Microfiction Monday – 214th Edition
German Trains
First it was the beer. Uncorrupted beer. The commandment: Water, barley and hops. Simplicity.
Second came these ingredients, nailed to the church door: Sola Gratia, Sola Fide, Sola Scriptura.
Third was that spud, Philosophy, pared down to Pure Reason.
Fourth, the Reich and those immaculate weapons. Purgation and flames.
And now, a hair shirt and a stringent orthodoxy. A secular temple to correct thought, correct action. Perfectly sorted trash.
Why is it that every time we board a train for Jerusalem, we end up in Munich?
Bye-Over
Benny and Jenny float back to the start like defeated, sputtering balloons. What now? Benny says, and Jenny shrugs. What now? Jenny says, and Benny shrugs. Together, with sordid reluctance, they shrug their way through seasons they never expected to see. Benny’s azaleas bloom, and Jenny gets promoted. Rain runs rogue from willing gutters, forms a puddle in their yard that soon becomes a lake. Neighbors call out the obvious, hey, you’re still here, feign cheap ignorance. Benny and Jenny kiss each other’s hesitant lips because duty calls, and moths fly toward the light, igniting death like paper and match.
Dine and Dash
by Char Rennes
You never know when someone will fuck your whole day. They came five minutes to closing, ordered a lot and ate slow – thanks, dudes. Can’t close, guess I’ll scroll my phone and get high. When they split you wouldn’t believe how fast I locked up. But I was frickin high cause I didn’t see them behind the counter with their guns but I was done. “You couldn’t, like, do this when you walked in?! You know what? I quit.” I stomped out, drove home and told Dad I lost my job and sat through his bullshit all night.
Mom
by Laura Shell
Mom had stopped bathing, had developed a rash beneath her right breast that looked like measles. She’d stopped curling her hair and wore perpetual bedhead like a hat. Her makeup bag remained at the bottom of a bathroom drawer instead of on the bathroom counter. No more dressing up, just the same three outfits, all pajamas, usually inside out and backwards. No more healthy meals, only fast food burgers via delivery, and bedtime snacks of cookies and gummies hidden in her nightstand drawer with her Oxycodone.
Did she know the end was near?
Why didn’t she tell me about it?
Poughkeepsie/Persephone
by Matthew Schultz
Slow steam rises from a perfect circle carved into crumbling asphalt beneath blinking yellow traffic lights that flash staccato warnings like the beacon of a north shore lighthouse shouting madly through the brume. The heavy steel water works cover has been removed and set to the side as if the moon about to slide before the sun. Traffic lights blink a brief solar eclipse and she appears ascending from beneath the avenue wearing a reflective safety vest and a golden helmet. She holds a wrench and ratchet like a queen brandishing sword and scepter, like Parmenides returning from the underworld.
Microfiction Monday – 182nd Edition
Lifesaving
by David Sydney
In the advertisement, an elderly woman thanks the lifesaving device company. Having fallen, she was able to use the device to call for help. She is now alive. But…
“I can’t stand that device.”
“How do you mean, Harriet?”
We are now dealing with Harriet and Gertrude. Real people, not advertisements.
“George is still alive, Gertrude.”
Harriet had been married to George for 57 years when he fell and successfully used the device.
“Damn, Harriet.

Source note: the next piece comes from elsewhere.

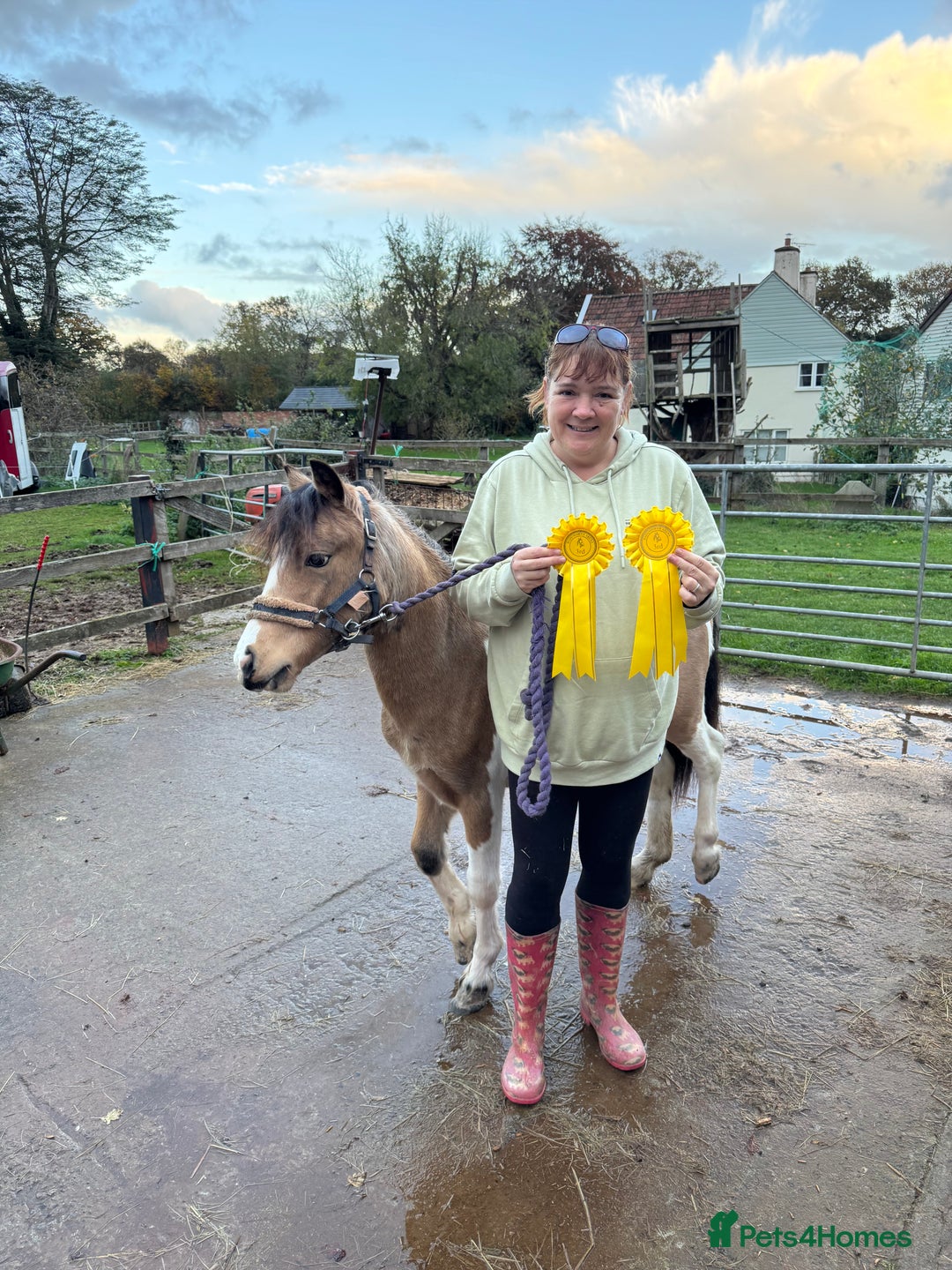 Welsh Section A horses for sale: Beautifully well marked Welsh P/B - Advert 12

That reminds me of Frank.”
Gertrude, too, had been married for 57 years, in her case to Frank, who had one of the devices also.
Largesse
by G.J. Williams
Just think of the music you’ll not have to face tomorrow, the gauntlet you’ll not have to run, the saliva you’ll not have to wipe off, the hundred piercing voices you’ll not have to close your ears to, the funeral you’ll not have to attend, the laughter you’ll not have to endure, the fortune you’ll not have to lose, the case you’ll not have to fight, the morsel you’ll not have to reach for, the glare you’ll not have to withstand, and the corridor down which you’ll not have to shuffle. Think on these things. Regard them as windfall.
Threads
by Dorcas Wilson
They say we make a strange pair; you untidy and tattooed, me immaculate, not a hair or stitch out of place.
You stride through life, grabbing opportunities as they arise. I walk with precision, every step planned.
You shout and swear. I talk with quiet eloquence.
You screech into the night. I sing in the shower.
You love stories. I love facts.
They whisper about us as if we can’t hear them.
They will never know what makes us two, one. They will never see the thread that binds us. The thread that one day will snap, tearing us asunder.
Harbinger of Death
Before she became a vulture, with a wingspan stretching six feet, she was a child, with no wingspan at all, disciplined with ridicule, told to stand straight and smile, to never bend, to never give in to whimsy. To never dream. In order to survive, the other vultures told her.
Before she became a vulture, she thought she could be anything, maybe even a brightly-colored macaw.